While the 2009 Recovery Act provided some project-level support beyond ARPA-E, any further large-scale cleantech funding faces an uncertain future. The stimulus package extended production and investment tax credits for renewable energy through 2012. This extension aims to boost commercial photovoltaic sector capacity 15% over a business-as-usual scenario, and to more than double the amount of wind generation that would otherwise be produced. But the extension is still a finite window, and the trend in recent years has been toward last-minute renewals that create market uncertainty about whether they will be granted. The production tax credit actually expired three separate times between 1999 and 2004, for example.

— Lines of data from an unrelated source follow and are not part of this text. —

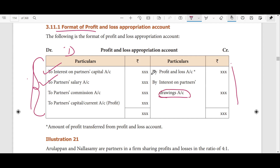If you look at the interest on the company — that is, what the firm receives — we usually have to enter the interest on the profit and loss account. On the debit side we record profit, on the credit side we record loss. So, on the debit side is the balance and profit; on the credit side is the loss. The amount of profit is transferred from the profit and loss account.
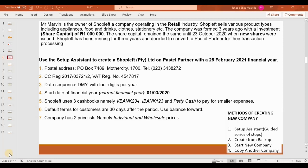Hello guys and welcome to today's tutorial video. In today's tutorial video, we're going to focus on adding a new company using a setup assistant on Sage Pastel desktop software.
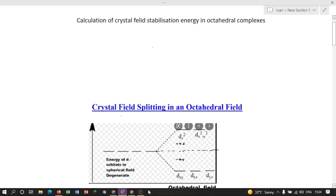In this video, I am going to discuss the calculation of crystal field stabilization energy in octahedral complexes. We will discuss: what is crystal field stabilization energy, calculation of crystal field stabilization energy in high spin and low spin complexes, and finally we will do some exercises.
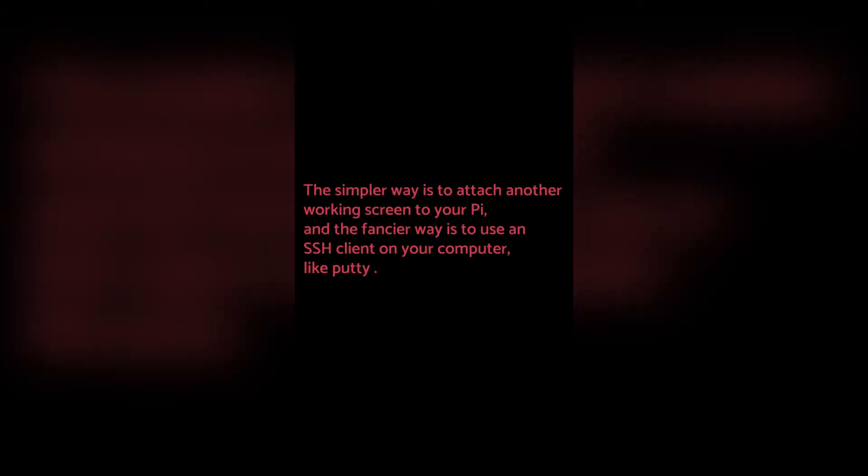The simpler way is to attach another working screen to your Pi, and the fancier way is to use an SSH client on your computer, like PuTTY. We will use the simpler way in this video.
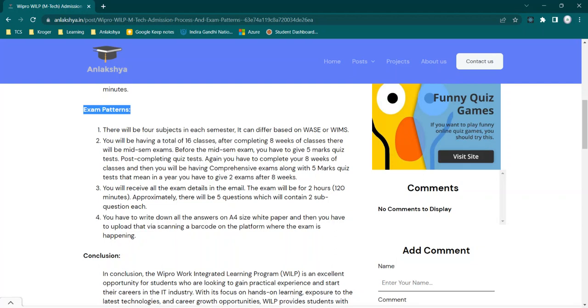You just need to log in and give that quiz test. The quiz test is mandatory, guys, you can't skip it. Before your mid-sem exam, you will also be receiving a practice test email, so you need to test your system on which you will be going to give your exam. Then finally, you will receive the exam timetable on what day and what time you will be having exams.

The Recovery Act also provided $80 billion in federal spending for renewable energy. This included grants covering as much as 30% of the installation cost of renewable energy facilities. Also included were $11 billion to modernize the power grid, $4.5 billion to make federal buildings more energy efficient and a DOE loan guarantee program. It was a massive boost for the sector, but also one-time funding rather than steady support. That level of stimulus spending is not likely to be repeated anytime soon.
Government funding affirms a company’s technology, making it easier for the firm to locate other sources of capital. Obtaining DOE loans or loan guarantees is “a pretty laborious process to go through,” said panelist David. But for the lucky few that clear all the hurdles, the affirmation is a huge vote of confidence.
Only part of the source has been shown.